Pero el gran año de las ficciones españolas no se reduce a la atrabiliaria banda del Profesor ni al enorme peso que tiene el respaldo de la plataforma de streaming a la hora de definir las fortunas de las industrias audiovisuales nacionales: hace algunos años que ha reemplazado a la Argentina (que fuera alguna vez la cuarta potencia mundial, detrás de Estados Unidos, Inglaterra y Holanda, en comercialización de contenidos a nivel global) como el gran creador de historias en castellano, que sin embargo no requieren de la comprensión del idioma para atrapar a una audiencia.
¿Qué hace de España el gran triunfador televisivo de 2018? Bien podría argumentarse que Turquía, la nueva monarca de la telenovela global, es un ejemplo igualmente exitoso, con logrados valores de producción, grandes actores, fuertes marcas culturales en sus historias y un récord de éxitos nada desdeñable, incluso en países muy fuera de su órbita de influencia, como la Argentina.

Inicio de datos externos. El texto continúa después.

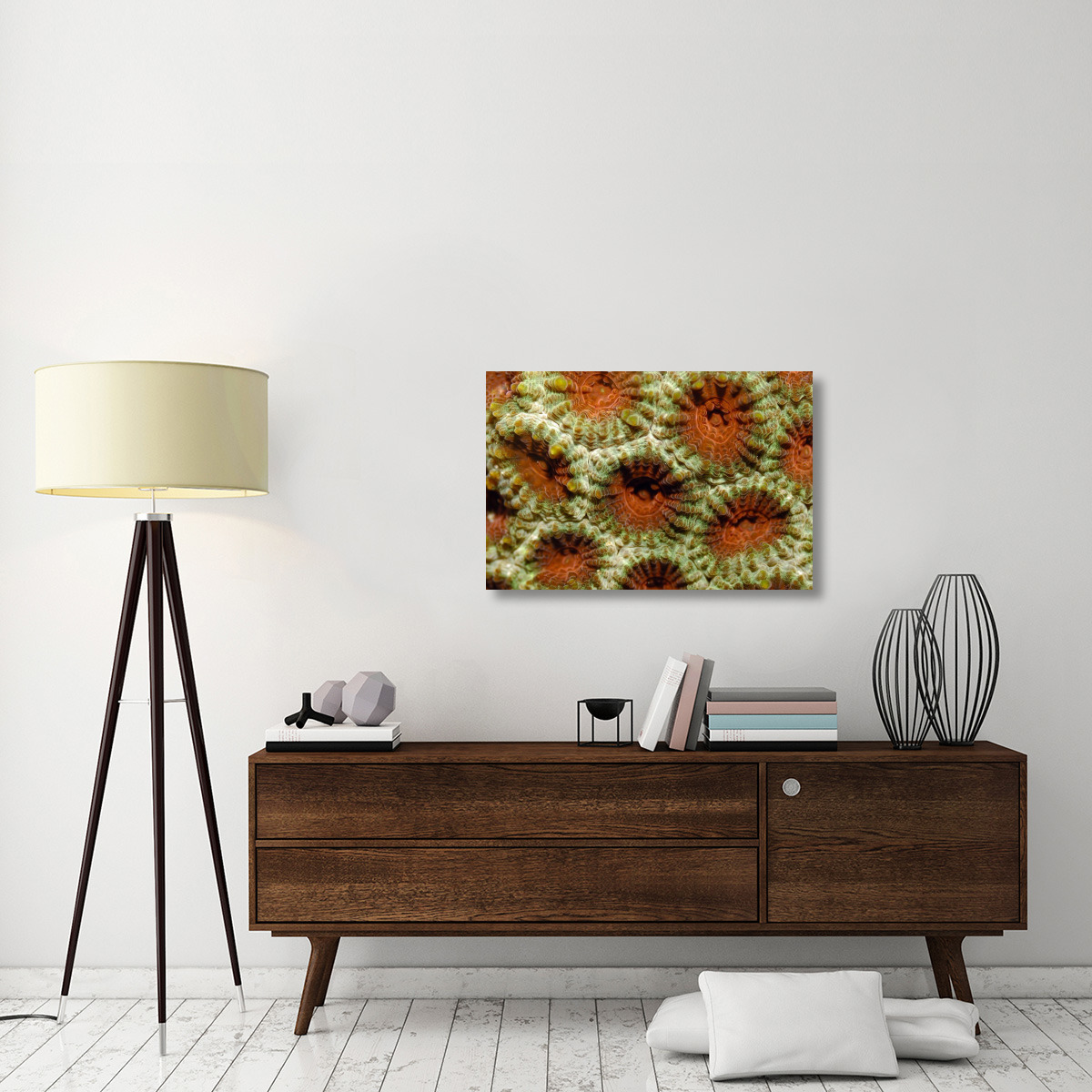Stone coral detail, Indonesia.-Canvas Art-36&quotx24"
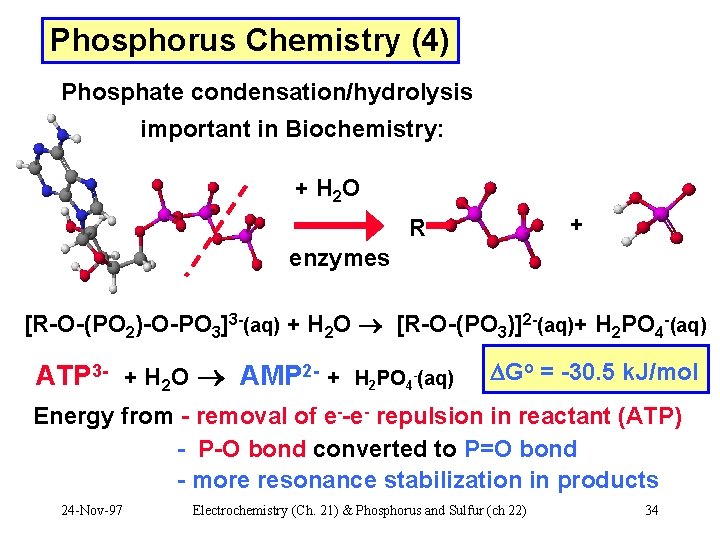 Phosphorus Chemistry (4) Phosphate condensation/hydrolysis important in Biochemistry: + H 2 O + R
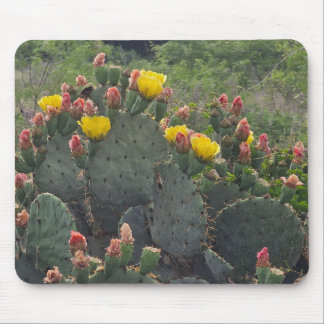 Prickly Pear Cactus Mouse Mat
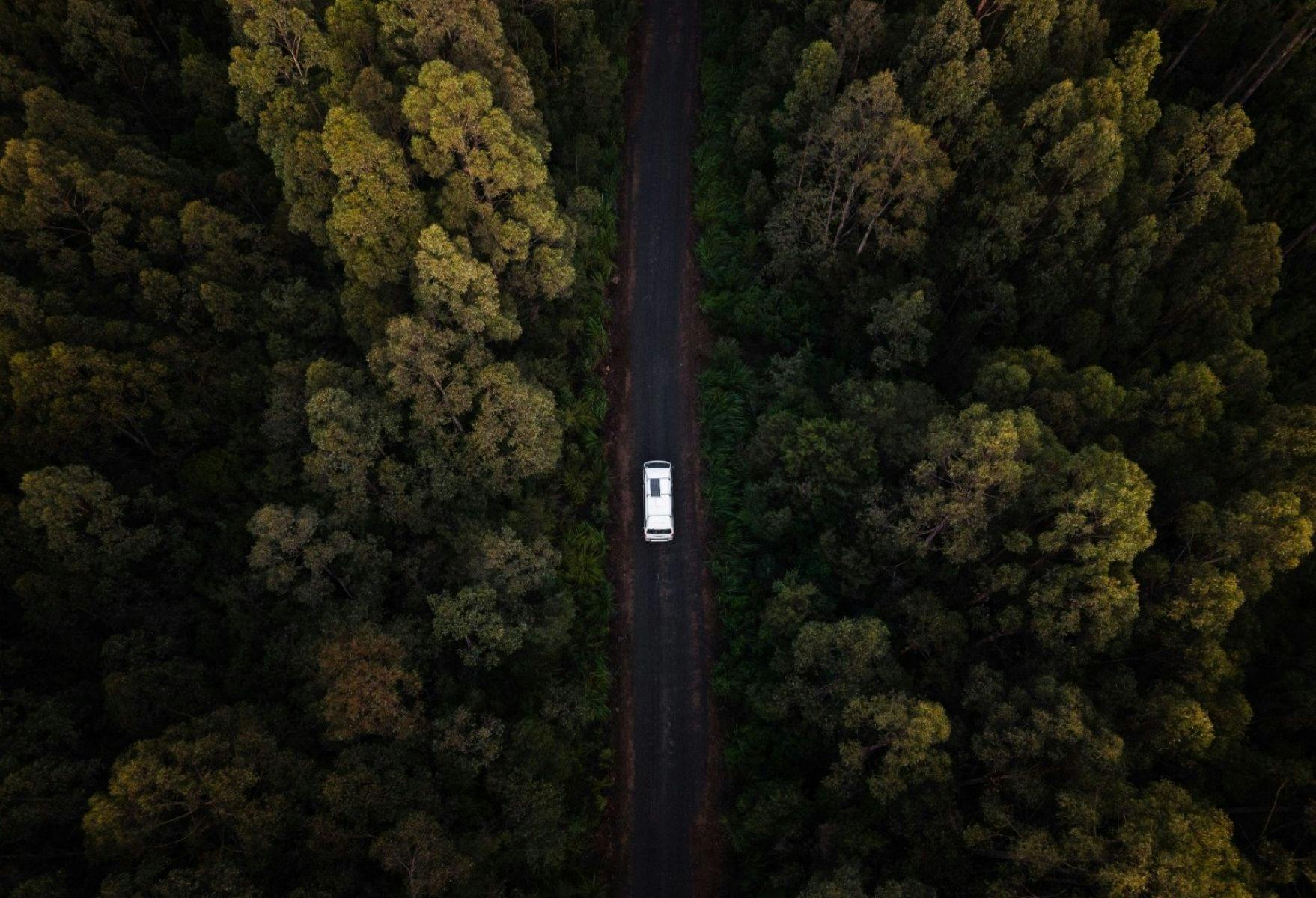 4WD campervan rental tasmania in the forest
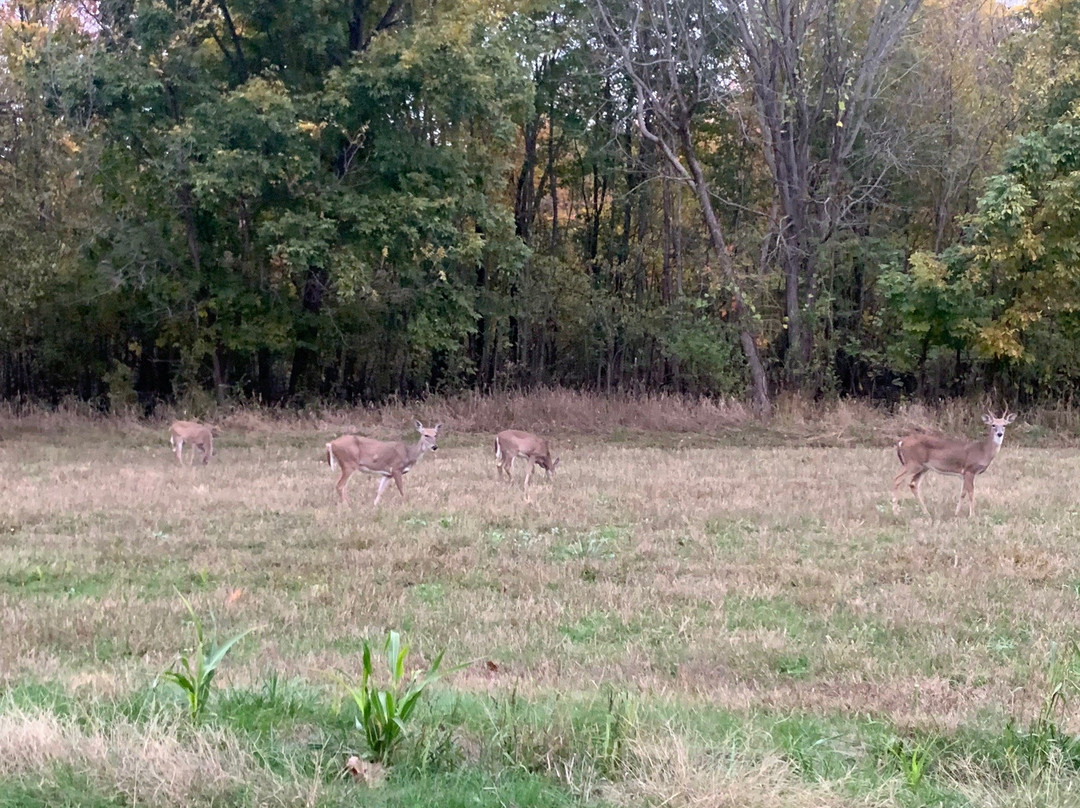 Mermet Lake State Fish and Wildlife Are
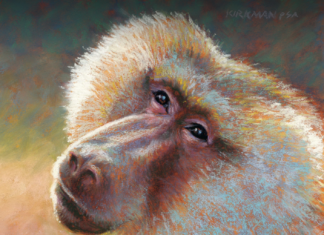 Monkey Day-Rita Kirkman, "B is for Baboon," pastel, 8 x 8 in - detail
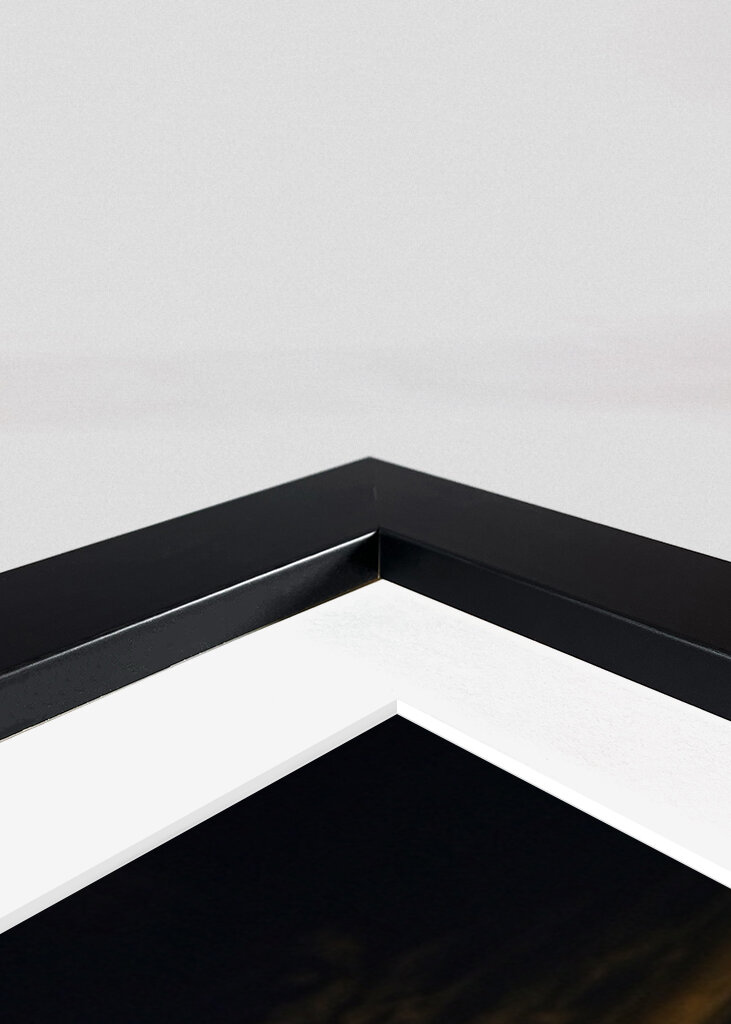 wineglases in the sunset.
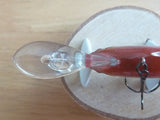 Unused IS WASP 55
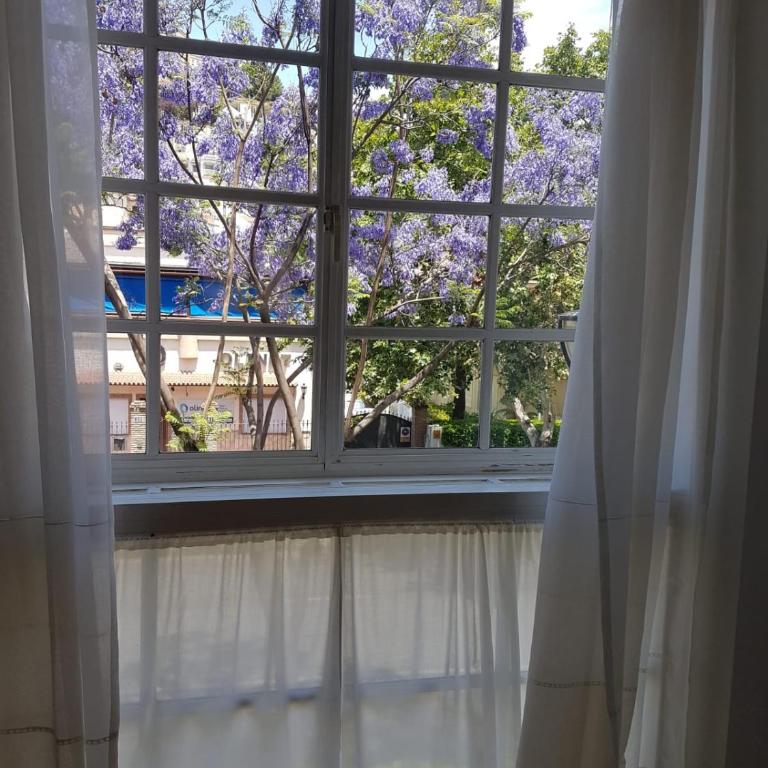 BOLIVIA beach apartments - Apartamento de 2 dormitorios - 2
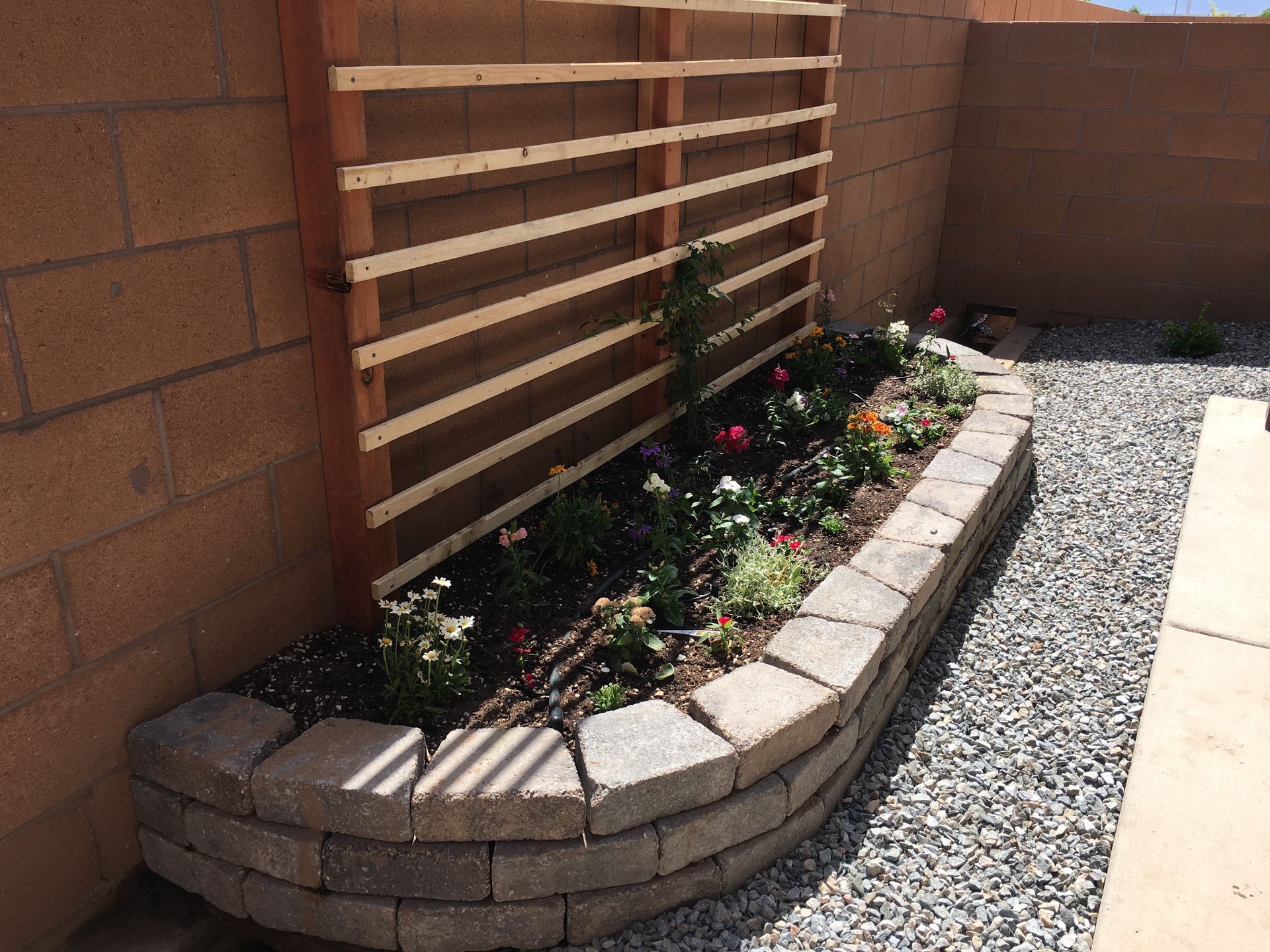 A curved brick garden bed with flowers against a wall and wooden trellis.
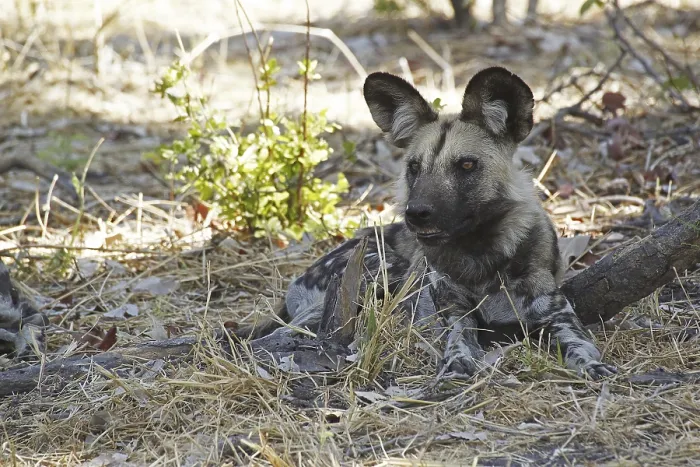 Framed Print : African Wild Dog (lycaon pictus) Framed Print : African Wild Dog (lycaon pictus)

O que México, gracias a dos de los grandes éxitos en castellano de Netflix en 2018 como Luis Miguel, la serie, y La casa de las flores, ha logrado reinventar su particular estilo de culebrón latinoamericano para las nuevas generaciones, que no sólo buscan personajes "más grandes que la vida" y pasiones volcánicas, sino también diversidad, ironía autorreferencial y personajes memorables, sean estos reales o no.
En ambos casos, sus industrias televisivas sobresalen en una especialidad particular, un lenguaje y un tipo de conflicto e historias que la hacen inmediatamente reconocible tanto para sus audiencias como para quienes adquieren sus productos con la tranquilidad de una receta de probado atractivo. En el caso de la TV española no hay una receta, ni un registro, ni un grupo de creadores, ni siquiera un estilo predominante: la ambición de señales y productoras por igual es vencer a industrias como la hollywoodense y la británica en su propio juego omnívoro. Hacer historias de género con acción trepidante y guiños cinematográficos (la especialidad de Vancouver, la productora de Pina, también responsable del drama carcelario Vis a vis), superproducciones de época que recuperen esplendores imperiales y la turbulenta historia en común con los espectadores en sus excolonias (Isabel; Carlos, rey emperador; La catedral del mar, Águila roja, El ministerio del tiempo), comedias y dramas que toman divisiones políticas internas y la inmigración como perfecto telón de fondo para expresar los conflictos de sus protagonistas (Mar de plástico, Allí abajo, Fariña, Perdiendo el norte) y, por supuesto, melodramas para no descuidar el aspecto romántico del asunto (Velvet, Gran Hotel, Las chicas del cable). Puede argumentarse que en la mayoría de ellas es difícil reconocer el punto de vista de un autor o recursos estéticos y dramáticos usados de forma original. Pero no puede negarse que en todos los casos, las series españolas saben cómo tomar los casos de éxito de otras industrias y aplicarlas a sus historias, adaptando y traduciendo sin perder su individualidad. Acaso sus ansias de globalización, nuevamente, sean su verdadero idioma.